■ TASK REQUIREMENTS ■
Exact copy, no pictures: reproduce the lines from the one that holds "Toyota ALPHARD HYBRID 2020-02 13566-7" through the end of the entries.

┌─ DATA UNDER STUDY

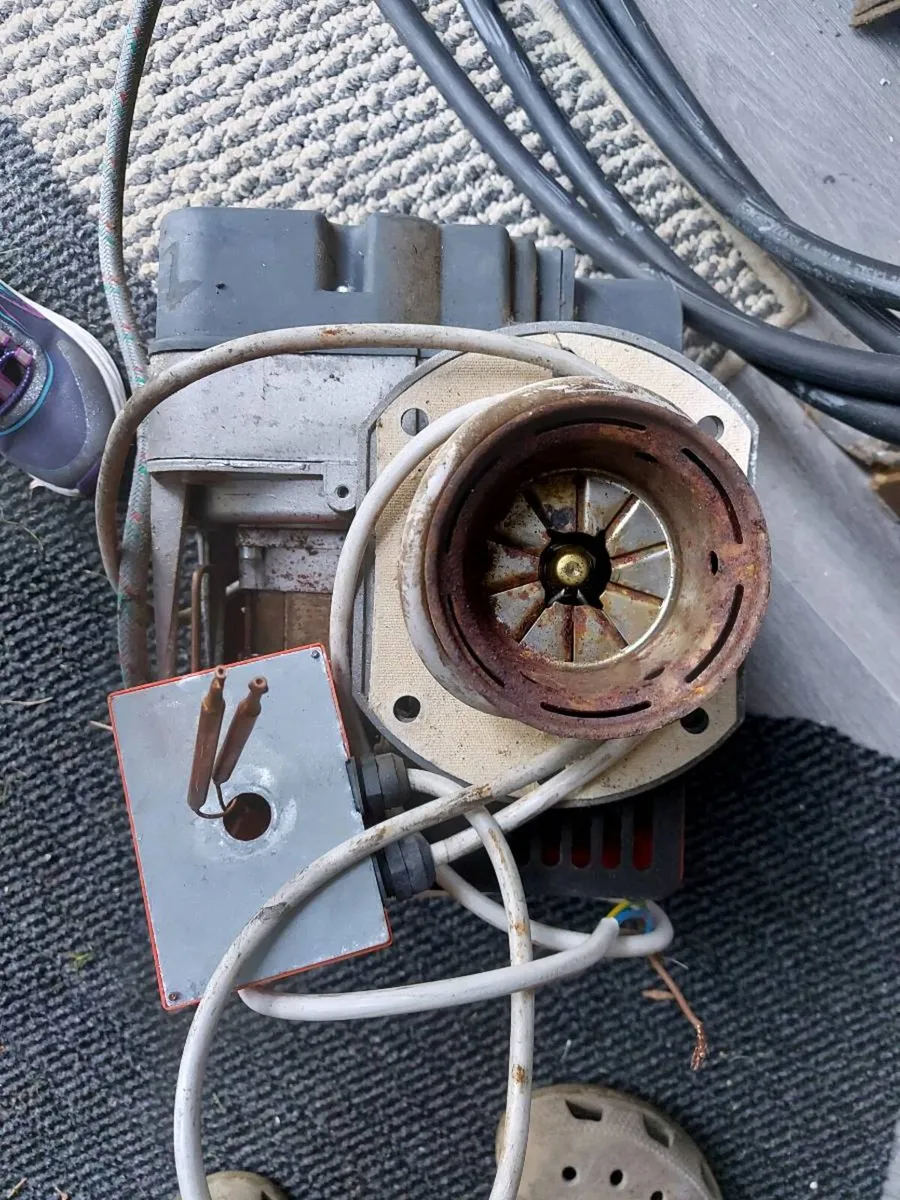 Riello oil burner - Image 3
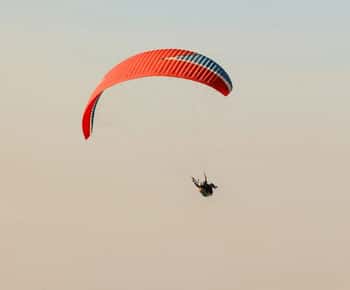 Marrakech: Paragliding, kamelenrit & Berberdorpenreis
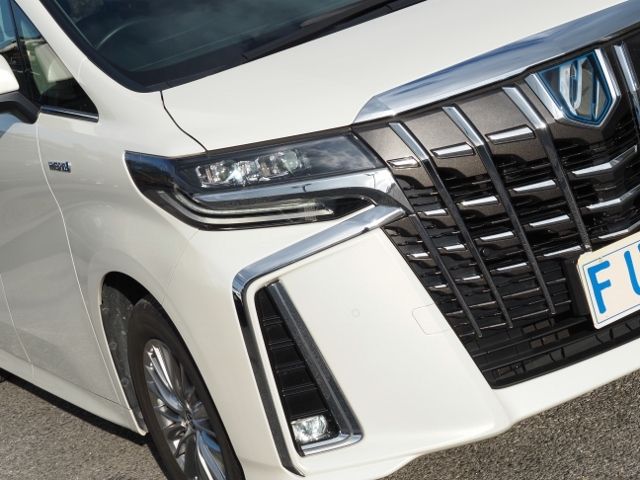 Toyota ALPHARD HYBRID 2020-02 13566-7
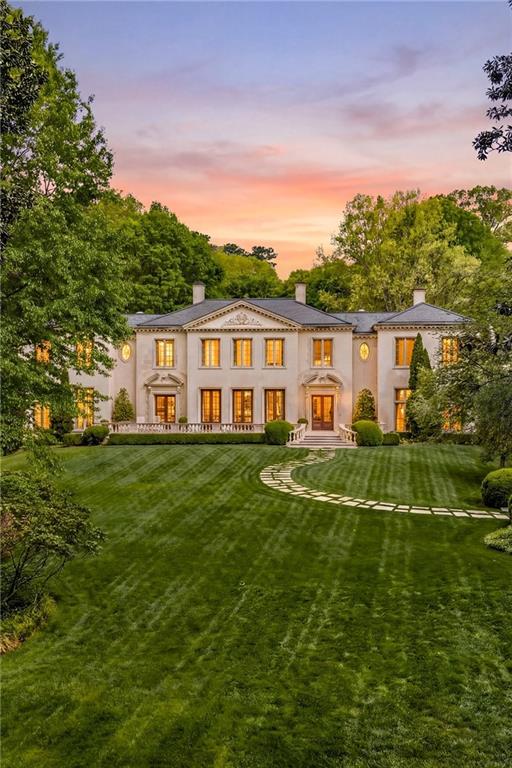 881 W Conway Drive NW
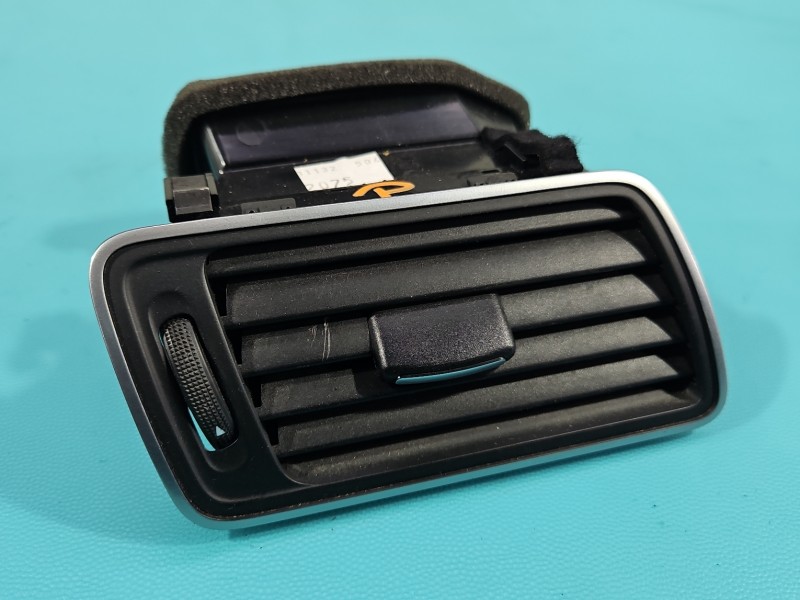 Kratka nawiewu Vw Passat B7 3AB819702A EUROPA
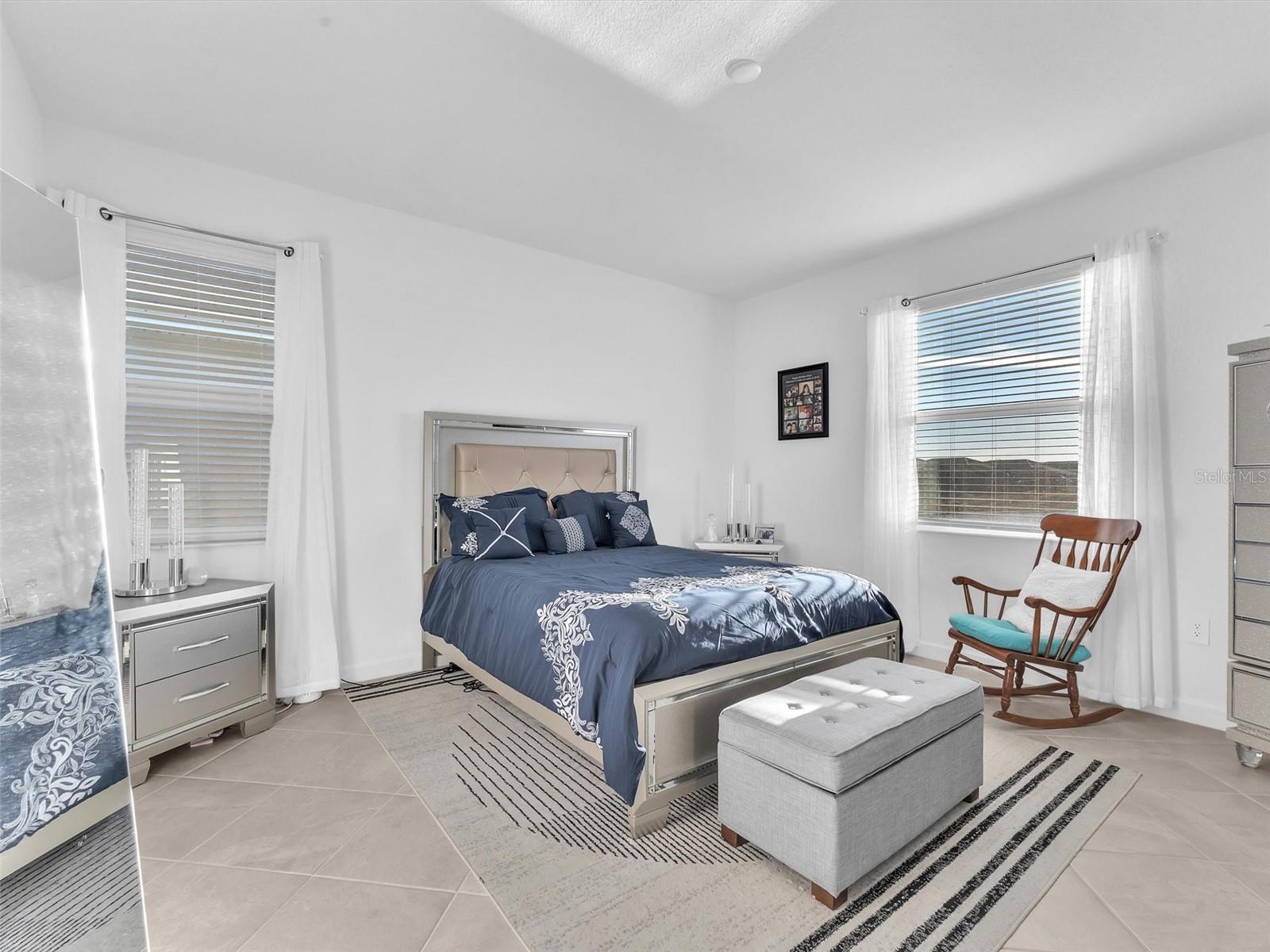 HARBOR EAST - Residential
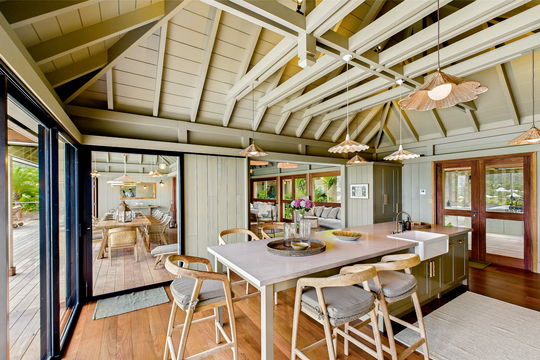 VILLA CLYDE KITCHEN & DINING AREA 12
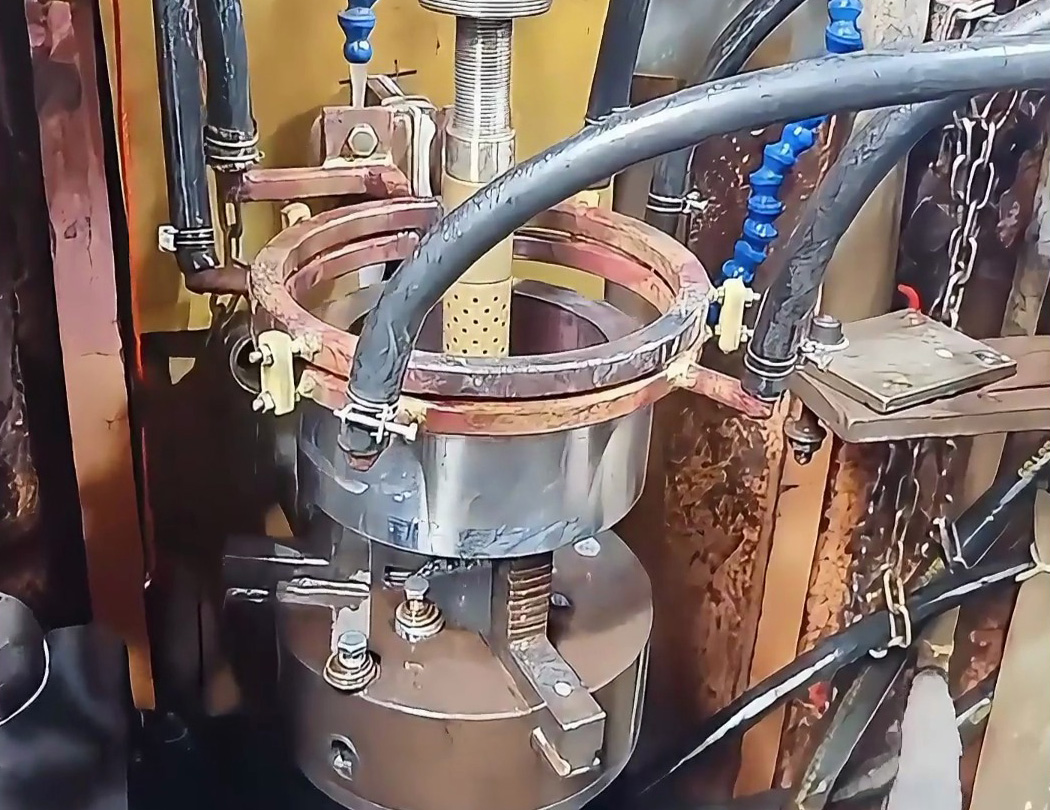 高精度淬火设备，外圈淬火热处理，精准控制温度的秘密！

└─

■ WRITTEN ANSWER ■
 Toyota ALPHARD HYBRID 2020-02 13566-7
 881 W Conway Drive NW
 Kratka nawiewu Vw Passat B7 3AB819702A EUROPA
 HARBOR EAST - Residential
 VILLA CLYDE KITCHEN & DINING AREA 12
 高精度淬火设备，外圈淬火热处理，精准控制温度的秘密！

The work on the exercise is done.